DATA SHOWN —

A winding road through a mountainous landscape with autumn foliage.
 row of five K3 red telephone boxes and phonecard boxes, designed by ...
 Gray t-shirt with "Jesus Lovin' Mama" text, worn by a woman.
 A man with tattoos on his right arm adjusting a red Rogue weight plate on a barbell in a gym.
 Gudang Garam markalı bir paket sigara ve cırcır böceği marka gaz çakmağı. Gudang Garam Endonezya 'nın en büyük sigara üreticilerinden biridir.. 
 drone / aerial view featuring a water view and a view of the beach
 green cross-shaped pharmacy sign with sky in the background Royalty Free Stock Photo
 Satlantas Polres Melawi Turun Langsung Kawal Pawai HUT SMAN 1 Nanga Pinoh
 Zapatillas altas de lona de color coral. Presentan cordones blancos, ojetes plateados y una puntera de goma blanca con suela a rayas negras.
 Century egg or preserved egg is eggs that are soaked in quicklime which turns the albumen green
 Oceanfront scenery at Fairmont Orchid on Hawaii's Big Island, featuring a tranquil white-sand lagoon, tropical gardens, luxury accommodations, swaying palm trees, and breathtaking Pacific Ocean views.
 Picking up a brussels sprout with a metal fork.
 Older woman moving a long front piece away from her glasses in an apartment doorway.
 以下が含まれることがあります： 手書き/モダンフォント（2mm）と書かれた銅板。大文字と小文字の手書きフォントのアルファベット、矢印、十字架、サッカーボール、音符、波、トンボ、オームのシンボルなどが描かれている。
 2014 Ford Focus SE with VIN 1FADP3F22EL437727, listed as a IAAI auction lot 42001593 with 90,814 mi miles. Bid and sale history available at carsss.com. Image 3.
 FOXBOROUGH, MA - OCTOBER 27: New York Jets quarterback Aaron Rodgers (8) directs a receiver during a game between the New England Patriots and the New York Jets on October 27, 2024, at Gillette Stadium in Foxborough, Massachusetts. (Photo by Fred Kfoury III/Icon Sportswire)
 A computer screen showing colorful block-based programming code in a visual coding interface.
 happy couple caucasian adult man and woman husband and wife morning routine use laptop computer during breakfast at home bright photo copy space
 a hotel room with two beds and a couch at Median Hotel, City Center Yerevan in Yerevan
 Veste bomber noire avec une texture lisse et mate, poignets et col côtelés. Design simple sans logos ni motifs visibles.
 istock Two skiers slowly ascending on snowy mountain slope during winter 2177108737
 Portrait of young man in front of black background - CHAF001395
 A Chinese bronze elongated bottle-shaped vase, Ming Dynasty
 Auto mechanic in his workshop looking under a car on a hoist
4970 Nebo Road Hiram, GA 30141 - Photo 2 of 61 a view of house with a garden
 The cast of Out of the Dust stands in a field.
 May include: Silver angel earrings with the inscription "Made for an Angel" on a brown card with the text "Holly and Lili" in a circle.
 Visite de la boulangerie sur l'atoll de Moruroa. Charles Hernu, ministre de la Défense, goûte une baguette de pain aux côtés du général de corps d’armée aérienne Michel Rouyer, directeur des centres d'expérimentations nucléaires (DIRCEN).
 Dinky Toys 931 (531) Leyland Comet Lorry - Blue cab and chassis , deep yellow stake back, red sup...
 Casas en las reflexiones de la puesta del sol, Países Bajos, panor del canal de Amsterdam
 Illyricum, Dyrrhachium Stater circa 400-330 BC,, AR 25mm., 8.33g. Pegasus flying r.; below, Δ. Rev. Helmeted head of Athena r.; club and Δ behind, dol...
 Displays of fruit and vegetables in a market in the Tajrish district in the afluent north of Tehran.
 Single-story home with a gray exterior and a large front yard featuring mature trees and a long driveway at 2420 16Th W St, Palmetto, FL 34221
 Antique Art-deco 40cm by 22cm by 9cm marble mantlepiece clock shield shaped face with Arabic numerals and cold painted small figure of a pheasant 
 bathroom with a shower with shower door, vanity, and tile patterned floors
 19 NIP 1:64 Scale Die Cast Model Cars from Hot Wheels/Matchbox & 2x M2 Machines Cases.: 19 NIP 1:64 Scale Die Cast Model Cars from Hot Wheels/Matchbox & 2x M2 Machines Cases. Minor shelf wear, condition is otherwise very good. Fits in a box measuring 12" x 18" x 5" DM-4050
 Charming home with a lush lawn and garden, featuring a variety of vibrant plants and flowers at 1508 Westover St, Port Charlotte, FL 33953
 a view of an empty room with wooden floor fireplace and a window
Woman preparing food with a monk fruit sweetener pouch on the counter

WHAT IS REQUIRED — Print only what lies in the material above starting at the line with "2014 Ford Focus" and ending at the line with "istock Two skiers", every line exactly as given.

SOLUTION TO THIS PROBLEM —
 2014 Ford Focus SE with VIN 1FADP3F22EL437727, listed as a IAAI auction lot 42001593 with 90,814 mi miles. Bid and sale history available at carsss.com. Image 3.
 FOXBOROUGH, MA - OCTOBER 27: New York Jets quarterback Aaron Rodgers (8) directs a receiver during a game between the New England Patriots and the New York Jets on October 27, 2024, at Gillette Stadium in Foxborough, Massachusetts. (Photo by Fred Kfoury III/Icon Sportswire)
 A computer screen showing colorful block-based programming code in a visual coding interface.
 happy couple caucasian adult man and woman husband and wife morning routine use laptop computer during breakfast at home bright photo copy space
 a hotel room with two beds and a couch at Median Hotel, City Center Yerevan in Yerevan
 Veste bomber noire avec une texture lisse et mate, poignets et col côtelés. Design simple sans logos ni motifs visibles.
 istock Two skiers slowly ascending on snowy mountain slope during winter 2177108737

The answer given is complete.